母国語のほかに公用語(英語ほか)の多言語を使う国は多いのでしょう。
これからの時代、学校教育ではなくもっと生活に近いところから、日本でも必須なのではないでしょうか。
とはいえ、
日本語の美しさに惹かれて学んでいるという海外の人たちもいるようです。
私も、日本語の余韻や音の響きが大好きです。
スマホや翻訳機(pcでも)が実現した現代、日本語しか知らない私にも、何とか世界とコミュニケーションを取ることは可能になったようにも思います。
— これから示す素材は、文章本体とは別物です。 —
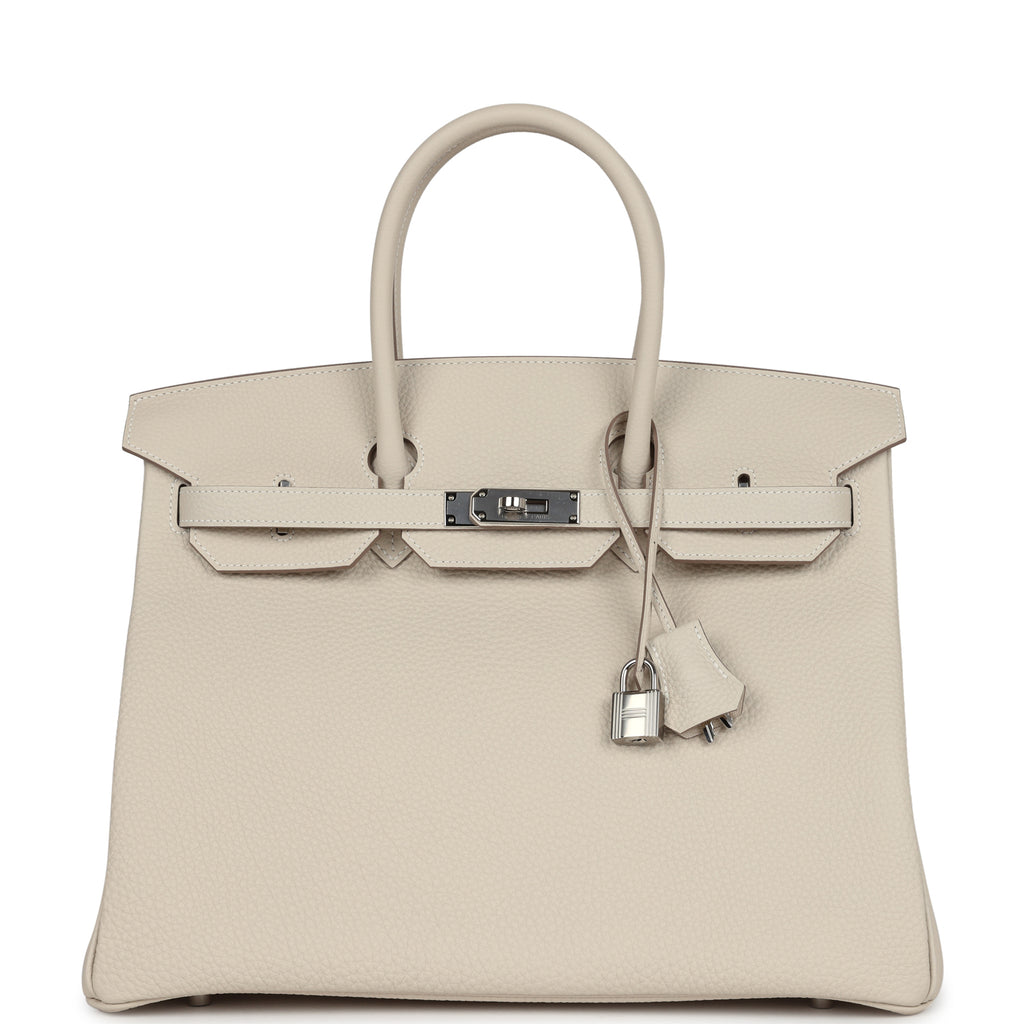 Birkin 35 Craie Togo Palladium Hardware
投稿: めりー | 2022年12月 7日 (水) 05:34

めりーさん、こんにちは

中国のTV番組には、字幕が付きます。
標準語(北京語)と上海語とでは、方言とは言えないほどの差があるのでそれが必要となるわけです。
スイスの公用語は、ロマンシュ語・ドイツ語・イタリア語・フランス語の4つ。
そんな国もありますね。

ヒトは言葉を話せるように生まれついているという説があるそうですが、言語は難しいですね。
〝そこそこ〟使える翻訳ソフトが、〝十分〟に使えるという時代が我々が生きている時代に実現しそうな気がします。
そんな時代が待ち遠しいですね。